Advances in the Industrial Internet of Things (IIoT), artificial intelligence (AI), machine learning, and advanced analytics are turbocharging the move to Industry 4.0. To stay competitive, companies are using AI-powered IoT tools to alert manufacturers to failures in equipment, set maintenance reminders, improve quality control measures and automate processes.
Machine learning for Processes Optimization
Machine learning algorithms can be applied to historical data about consumed energy in the past, to detect patterns and trends. Then, future energy consumption can be predicted.
For instance, if your production facility is turning out high-quality products, but you are still incurring high production costs, data may reveal that your facility is using too much energy. Data scientists can choose to run autoregressive models that reveal cyclic patterns of energy use. Deep neural networks can define and detect patterns, and forecast energy use quickly so that you are able to manage your output as needed.
Improving data quality ensures that the information that is received by your AI-powered IoT sensors is accurate, customized, and relevant to your concerns and tools.
Machine Learning for Predictive Maintenance
Manufacturing centers with large workloads or long production hours can take advantage of machine learning for predictive maintenance. In many instances, machine learning models can be used to limit shut-down completely, or at least mitigate any loss of manufacturing time.
As mentioned earlier, data quality is imperative when designing machine learning models. But, choosing the best model for the outcomes you desire is an important step as well. Several machine learning models are used to address frequent issues within the manufacturing sector.
An anomaly detection method compares normal system behavior against failure events. When a piece of equipment veers from the norm, the model can flag a device. Supervisors and maintenance staff can then investigate the issue and correct it on-the-spot, if necessary.
Regression models can predict the Remaining Useful Life (RUL) of a piece of equipment. They compare usage history and static data to determine how long the piece of equipment can continue output before failing. This allows manufacturers to know how long and how hard they can push equipment to meet an order, before scheduling down-time for maintenance.
Classification models can predict a failure within a selected period of time. The failure can range from a significant shortfall, to a routine issue. A maintenance team can evaluate when, and how to schedule maintenance.
Computer Vision for Quality Control
While AI can improve the manufacturing process, it is also capable of assisting with product quality control. Using computer imaging techniques and clean image data, an AI-powered algorithm can efficiently check for quality.
AI visual inspection is a cost-effective way for manufacturers to monitor product quality in real-time. Using computer vision for quality control is especially helpful for manufacturers in highly regulated industries. For instance, Audi and other auto manufacturers have used AI to assist in quality control checks.
A camera-based computer vision system scans parts using high-resolution images and GPU technology. Thanks to real-time video processing, AI quality control checks can alert supervisors to sudden drops in quality mid-production.
Each part’s scan is compared against historic images of perfect parts. This is accomplished by employing deep learning neural network integration. This technology offers greater accuracy than other computer screening options, because it is built using instance segmentation algorithms. Because the system is constantly collecting images of surface defects, the quality control system is continuously improving. Parts that do not match the historical criteria are flagged by the AI program and removed from the sorting area.
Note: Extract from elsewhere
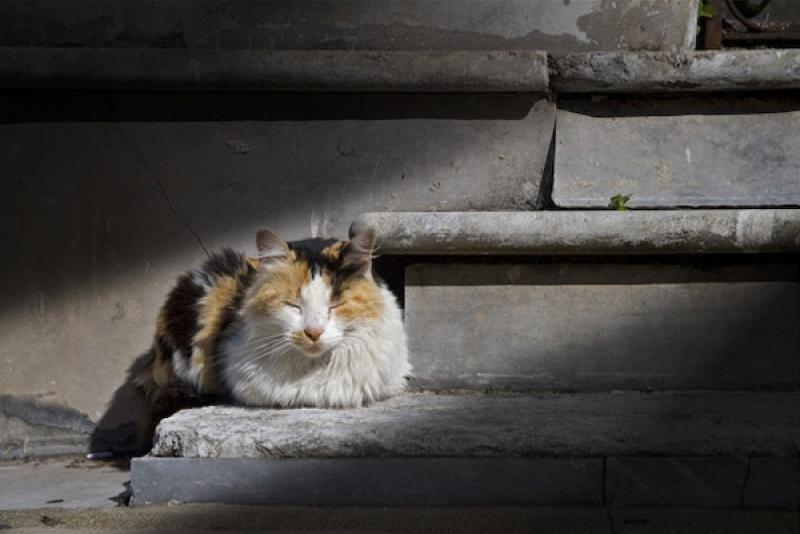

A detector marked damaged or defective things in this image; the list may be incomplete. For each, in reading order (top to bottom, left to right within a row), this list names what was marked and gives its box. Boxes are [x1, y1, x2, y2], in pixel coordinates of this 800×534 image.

crack in concrete [115, 125, 211, 260]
Edge AI: The Future of Manufacturing
IoT use cases show that manufacturers can employ edge AI to enhance the industrial Internet of Things processes.
Edge AI technology does not rely on the cloud, or bandwidth to communicate information. Placing this technology in a manufacturing setting can reduce cross-communication problems when too many devices are connected to the same network and mitigate bandwidth limitations. Eventually, this makes it possible to speed up the production cycle and increases throughput.
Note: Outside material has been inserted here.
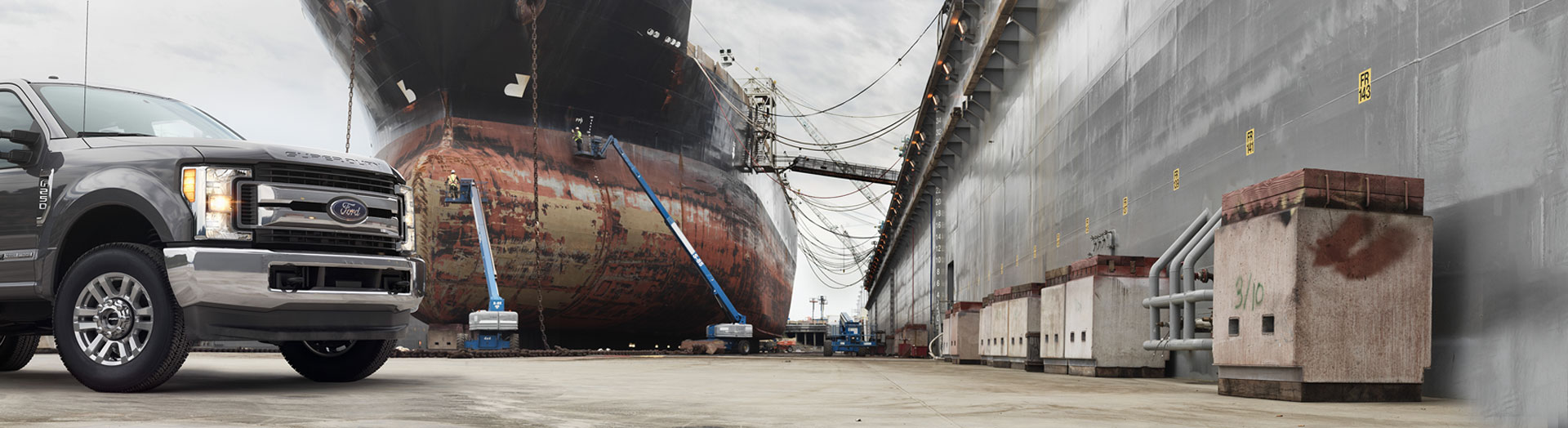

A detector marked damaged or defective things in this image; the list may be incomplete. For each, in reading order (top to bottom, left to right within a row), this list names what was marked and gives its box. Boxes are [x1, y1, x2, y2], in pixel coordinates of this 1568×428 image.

rusty ship hull [302, 0, 796, 345]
We are witnessing numerous cases where emerging technologies are creating a smarter ecosystem. Using edge AI and data analytics, a Japanese industrial electronics company, Daihen Corporation, eliminated 5,000 hours of manual data entry per year for electric transformers production.
Manufacturing systems today perform at no more than 90 percent efficiency, but they can’t get the last 10 percent because machines break. The core idea of edge AI is to never let the production system stop. As more manufacturers invest in smart systems, this investment will make a tremendous difference in the world’s economic efficiency.